3. Seçin: TV sizin dostunuz mu düşman mı

Televizyonun önünde çok zaman geçirirseniz, kendinizi diğer insanların hayatlarındaki olaylar döngüsünden çıkarmanın zamanı gelmiştir. Yıldızları ve sosyetikleri izlemeyi bırakın ve gerçek insanlarla iletişim kurmak için gerçek dünyaya çıkın. Son çare olarak bir kitap okuyun.

Başka bir yol var. İlginç bir dizi bulabilir ve diğer insanların deneyimlerini takip ederek bir süre arsa araştırabilirsiniz. Bu, yalnızlığın acısını hafifletecek ama tamamen ortadan kaldırmayacaktır. Seçim senin.

4. Hareket hayattır, sosyaldir

Fiziksel aktivite, birçok zihinsel rahatsızlık için çok yönlü bir çare. Spor yapmak için girdiğinizde, vücudunuza hareket sevinci verirsiniz, mutluluk hormonlarının üretimini uyarırsınız. Bir spor salonuna kaydolun. Burada yeni tanıdıklar, huzur ve kendine güven duygusu bulacaksınız. Kusursuz çalışır!

5. Özel bir amaç olmadan insanlarla bu şekilde iletişim kurun

Kendimize ve deneyimlerimize o kadar bağlıyız ki, uzun zamandır etrafımızdakilere dikkat etmedik, ancak esas olarak iş üzerine iletişim kuruyoruz. Eski bir arkadaşı arayın, işlerini sorun ve dikkatlice dinleyin. Özel bir amaç olmadan iletişim kurmayı bir kural haline getirin, ancak sadece diğer insanların zevki için.

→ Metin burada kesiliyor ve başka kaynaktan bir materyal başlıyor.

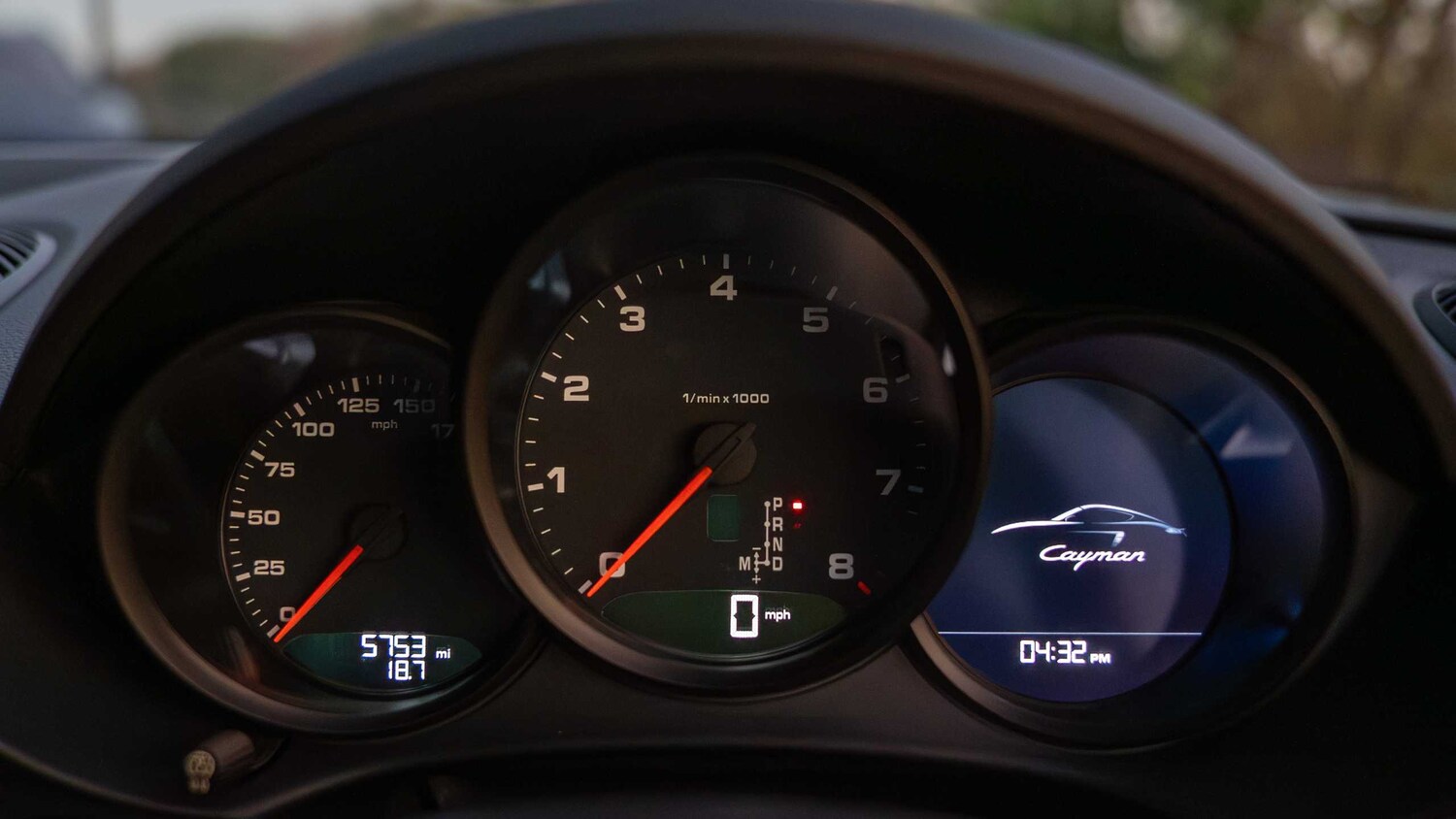 Used Porsche Cayman 2018 for sale - 77527106: Photo 22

O zaman size daha çok samimi bir ilgi gösterirler.

6. Dünyayı düşmanca bir ortam olarak görmeyi bırakın

Cidden, kimsenin ilgilenmediğini ve çevrenizdeki dünyanın düşman olduğunu mu düşünüyorsunuz? Öyleyse korkularınla \u200b\u200bbaşa çıkmayı öğren. Çevrenizdeki herkes arkadaş canlısı, ancak bazen üzgün gibi davranmaya karar verin. Başkalarıyla bu tavrı temel alarak iletişim kurun, samimi ve açık olun. Dünya ve insanlar hakkındaki fikirlerinin nasıl değişeceğini kendiniz göreceksiniz.

7. Senden Daha Kötü Olanlara Özverili Yardım Edin

Sorunlarınıza bir ara verin ve etrafınıza bakın. Sizinkinden çok daha kötü durumda olan birçok insan var. Yardıma ihtiyaçları var. Bunu sağladıktan sonra, dünya için önemli olduğunuzu anlayacak ve belirli bir görevi yerine getireceksiniz. Diğer insanların endişeleriyle karşılaştırıldığında, endişeleriniz önemsiz görünecek.

8. İş ve kariyer gelişimi de iyidir

Yeni kariyer hedefleri bulun, geliştirin ve alanınızdaki en iyi uzman olun. Elbette büyümek için yeriniz var. Bir sonraki başarılar özgüveninizi artıracak, umutlar açacaktır. Yeni ilginç tanıdıklar görünecek. Ancak dikkatli olun: tam dinlenin ve bir işkolik olmayın.